The concert was surprisingly multi-cultural, given that local demographics show a population mainly consisting of retired paysans and agriculteurs. We kicked off with some American jazz from WWII (that was me and the postman), and followed that up with English folk (my daughter on her clarinet), African drummers and dancers, (the guy from the bar with all his mates) and a didgeree-doo display from Marie-France’s daughter.
The audience watched in respectful silence, their eyes wandering round the tangerine-painted walls. They clapped dutifully, nodded at the jokes, watched the children scooting round the floor between the musicians’ legs, and bought lots of tombola tickets. The prizes, carefully wrapped up in cellophane and raffia, glittered temptingly beside the door. No-one could leave the hall without walking past them. Everyone stayed, their eyes fixed on the hat containing the tombola tickets.

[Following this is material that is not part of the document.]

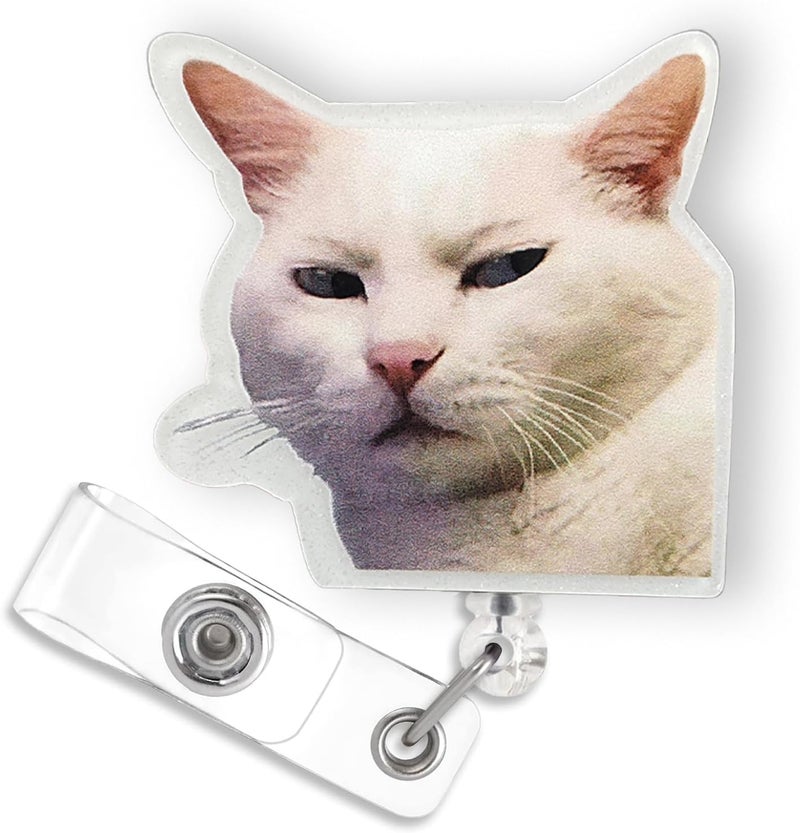 Bydevia Funny Cat Meme Badge Reel Retractable for Nurse Nursing RN CNA LPN Medical Worker & Office Staff | Cute Vet Tech Gifts Cat ID Name Badge Holder with Alligator Clip & 24” Durable Nylon Cord | Acrylic - Image 1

Tisanes and homemade pizzas were served, along with cakes and red wine. With shouts of joy, the kids escaped outside into the frozen wonderland, until a stray snowball hit the shutters and alerted their parents. They were then hauled firmly back into the salle des fêtes for another dose of culture. A tuneless harmonica rendition of La Vie en Rose, a selection of Eastern lute music from the local dentist, a group of teachers playing traditional French dances on accordions, and finally, the tombola was drawn.
As usual, Monsieur le Maire won, and having watched the organisers hand the proceeds over to the Red Cross, shrugging and laughing, chairs were scraped back from tables, scarves wound round necks, elbows offered, arms taken, and the audience shuffled slowly out into the glacial village.
The next morning, Marie-Pierre not only organised volunteers to stack the chairs and tables, but also defrosted the communal freezers in preparation for the arrival next week of the village pig. This unfortunate animal is due to meet his fate at the hands of the village elders, and his demise will be followed by three days of energetic cuisine charcuterie, as Marie-Pierre and her cohorts make sausages, paté, and tripe. Yes, tripe. They love it here. They love it so much that they’re going to hold a whole tripe supper, with nothing to eat but tripe and potatoes.
But luckily I’ll have a cast iron excuse. The pig killing is a week late this year because the pig farmer had a cold in January so he couldn’t deliver the pig before. Which means that the tripe supper will be held in the first week of La Carême. No-one else will see that as any reason not eat tripe of course, but me and my girlfriends always keep Lent. Apart from anything else, giving up wine for 6 weeks gets rid of the half a stone we all put on at Christmas, and this year, it’ll also serve as my excuse for ducking out of the tripe.
Never been so glad to get on the waggon.